Mr. Zelikow, a historian and lawyer who spends a few days a week as the director of the University of Virginia's Miller Center of Public Affairs, has close ties to the White House. He was a senior staffer on the National Security Council under the first President Bush. In 1995 he co-wrote a book about Europe with Condoleezza Rice, now the president's national security adviser. He served on the Bush transition team, and afterward on the president's Foreign Intelligence Advisory Board until he took the commission job.

Mr. Zelikow was hired to work on the investigation after he was recommended by Commissioner Slade Gorton, a Republican who had served on the National Commission on Federal Election Reform. Mr. Zelikow was executive director of that and other commissions.

The commission's work also has been hampered by disagreements over its budget. Initially, the commission was allocated $3 million, but essentially that figure was a mistake, inserted into a draft of the bill as a placeholder and never replaced. In late March, Mr. Kean warned that the commission would soon go broke. He visited the White House to request an additional $11 million, he and others say.
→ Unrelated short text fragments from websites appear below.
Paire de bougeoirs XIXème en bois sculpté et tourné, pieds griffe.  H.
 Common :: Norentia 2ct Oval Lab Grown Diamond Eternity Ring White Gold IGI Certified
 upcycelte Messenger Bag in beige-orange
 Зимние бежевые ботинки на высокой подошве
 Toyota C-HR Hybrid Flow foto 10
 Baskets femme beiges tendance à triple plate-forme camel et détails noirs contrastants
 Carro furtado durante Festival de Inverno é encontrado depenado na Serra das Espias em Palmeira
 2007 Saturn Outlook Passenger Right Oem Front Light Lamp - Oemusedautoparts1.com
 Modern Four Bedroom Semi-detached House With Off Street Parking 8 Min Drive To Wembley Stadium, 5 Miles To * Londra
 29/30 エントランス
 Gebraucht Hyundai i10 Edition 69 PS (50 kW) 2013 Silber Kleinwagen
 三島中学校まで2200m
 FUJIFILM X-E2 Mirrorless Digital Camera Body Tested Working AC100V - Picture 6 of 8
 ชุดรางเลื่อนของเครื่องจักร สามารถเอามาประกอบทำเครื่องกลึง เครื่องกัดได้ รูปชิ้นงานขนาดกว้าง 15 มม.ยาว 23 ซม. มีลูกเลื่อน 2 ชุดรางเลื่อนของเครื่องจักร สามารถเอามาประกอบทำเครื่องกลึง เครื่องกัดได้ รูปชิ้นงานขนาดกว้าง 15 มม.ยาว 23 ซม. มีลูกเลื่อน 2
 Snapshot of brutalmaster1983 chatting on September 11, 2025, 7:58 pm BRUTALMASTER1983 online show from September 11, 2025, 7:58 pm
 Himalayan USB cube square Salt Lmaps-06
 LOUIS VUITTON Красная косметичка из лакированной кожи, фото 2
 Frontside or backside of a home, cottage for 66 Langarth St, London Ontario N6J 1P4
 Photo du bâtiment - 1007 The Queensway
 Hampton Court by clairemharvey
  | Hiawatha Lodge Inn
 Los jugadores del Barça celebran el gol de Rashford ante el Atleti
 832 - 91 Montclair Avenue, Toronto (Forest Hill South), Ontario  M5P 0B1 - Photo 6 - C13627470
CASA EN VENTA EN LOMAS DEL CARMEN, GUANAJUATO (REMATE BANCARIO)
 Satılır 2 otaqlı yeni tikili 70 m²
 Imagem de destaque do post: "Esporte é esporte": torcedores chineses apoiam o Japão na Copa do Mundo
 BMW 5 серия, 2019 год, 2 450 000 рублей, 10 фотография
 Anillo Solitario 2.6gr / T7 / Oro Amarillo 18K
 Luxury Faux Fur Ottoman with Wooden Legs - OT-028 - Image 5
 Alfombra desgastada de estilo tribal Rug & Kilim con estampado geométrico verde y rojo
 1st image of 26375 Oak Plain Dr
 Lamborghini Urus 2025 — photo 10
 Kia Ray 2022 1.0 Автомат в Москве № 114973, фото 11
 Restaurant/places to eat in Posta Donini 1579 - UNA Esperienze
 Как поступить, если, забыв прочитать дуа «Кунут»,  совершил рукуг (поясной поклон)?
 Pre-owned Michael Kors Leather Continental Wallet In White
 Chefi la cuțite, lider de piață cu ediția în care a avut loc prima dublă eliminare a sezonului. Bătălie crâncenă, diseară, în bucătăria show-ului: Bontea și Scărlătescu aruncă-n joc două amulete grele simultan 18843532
The White House told him to expect that an appropriation for the commission would be included in the president's supplemental budget for the Iraq War, according to Mr. Kean and others.

But in March, when the White House announced that budget, there was no allocation for the commission. Members of the commission and Congress complained publicly, as did families of victims. Within a week, the White House offered to come up with $9 million, $2 million less than what Mr. Kean had requested. But Congress appropriated $11 million for the commission instead.

Mr. Bartlett denies that the White House promised an allocation to the commission in the supplemental budget. When the White House later offered the $9 million, he says, Mr. Kean, and the commission's vice chairman, Lee H. Hamilton, a Democrat, said that amount was sufficient.

Since the 2001 attacks, some administration critics have said that it failed to heed warnings about al Qaeda by Clinton staffers. For example, shortly before the change in administrations, then-National Security Adviser Sandy Berger warned Ms. Rice that al Qaeda would be the biggest issue she faced, Mr. Berger and others have said. Some Congressmen and victims' family members also say they want the commission to investigate whether the Clinton administration responded as forcefully as it could have to intelligence on al Qaeda's threat.

Mr. Roemer and other commissioners, including at least two Republicans, say they should interview officials from both administrations as well as Presidents Clinton and Bush. So far there has been no decision on whether to call them. A Clinton spokesman declined to say whether the former president would agree to be interviewed by the commission.

Mr. Bartlett says President Bush isn't likely to testify under oath but said "we have not ruled out" some sort of interview. Mr. Bartlett says the White House hasn't attempted to interfere with the commission's work. "Our concern is that enemies who hate America do not get information which could help them attack America," he says. "Our goal is to remove politics from the process."